Apesar dos morteiros, armas,
granadas ou coquetéis Molotov usados por manifestantes “pacíficos”; (sem
esquecer as efígies de chavistas enforcadas em pontes, assinatura dos
paramilitares colombianos), a lei proíbe a polícia ou a guarda nacional de usar
as armas de fogo. Manifestantes da direita aproveitam a oportunidade para
forçar a sua vantagem e evidenciam o seu ódio sobre guardas ou polícia,
provocá-los com jactos de urina, excrementos e disparos com balas reais, observando
a reação das câmaras da CNN.
Elementos das forças de segurança
que desobedeceram e foram culpados de ferimentos ou mortes de manifestantes
foram presos e processados [10]. O fato é que a grande maioria das vítimas são
trabalhadores que iam para o trabalho ou voltavam, ativistas chavistas ou
elementos das forças da ordem [11] . É por isso que os media falam de mortes em
geral – para que se acredite que se trata de “mortos pelo regime.” A lista dos
“mortos” serve para aumentar o apoio global à desestabilização: há nestes
assassinatos, é terrível constatá-lo, o efeito de uma encomenda para os media.

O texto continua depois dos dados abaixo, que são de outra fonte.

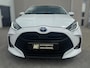Toyota Yaris 1.5 Hybrid Dynamic CARPLAY / 4-SEIZ. BANDEN / RESERVE WIEL / STOELVERW. / CRUISE / ACHTERUITRIJCAMERA / LMV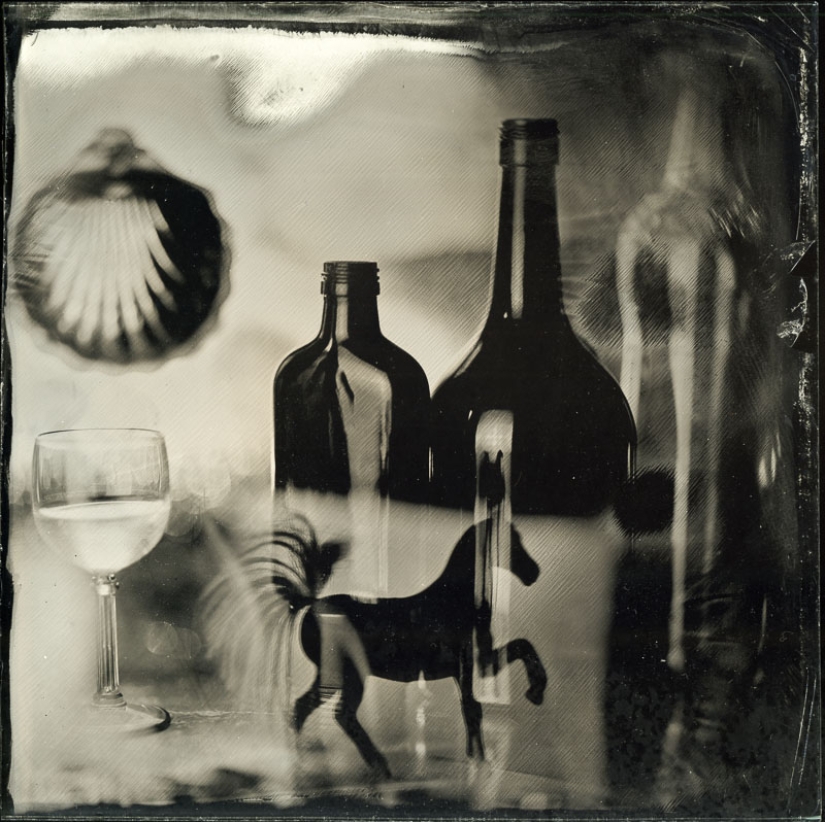 In the fabulous world of ambrotypes In the fabulous world of ambrotypes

Qualquer manifestante que mata,
destrói, agride, tortura, sabota sabe que será santificado pela mídia
internacional. Estes tornaram-se um incentivo para perseguir o terrorismo.
Todos os mortos, todas as sabotagens econômicas serão atribuídas ao “regime”,
incluindo dentro da Venezuela, onde a mídia, como a economia, é na sua maioria
privada. Que a democracia participativa que é a da Venezuela tente defender-se
como compete a todo o Estado de direito, vai ser imediatamente denunciada como
“repressiva”. Quem ouse punir um terrorista, e isto o tornará de imediato um
“preso político”. Para o jornalista e sociólogo argentino Marco Teruggi “; uma
intervenção na Venezuela, o governo dos Estados Unidos tem condições mais
favoráveis do que tinha para bombardear a Líbia, tendo em conta o fato de que a
União Africana tinha condenado essa intervenção quase por unanimidade. (..)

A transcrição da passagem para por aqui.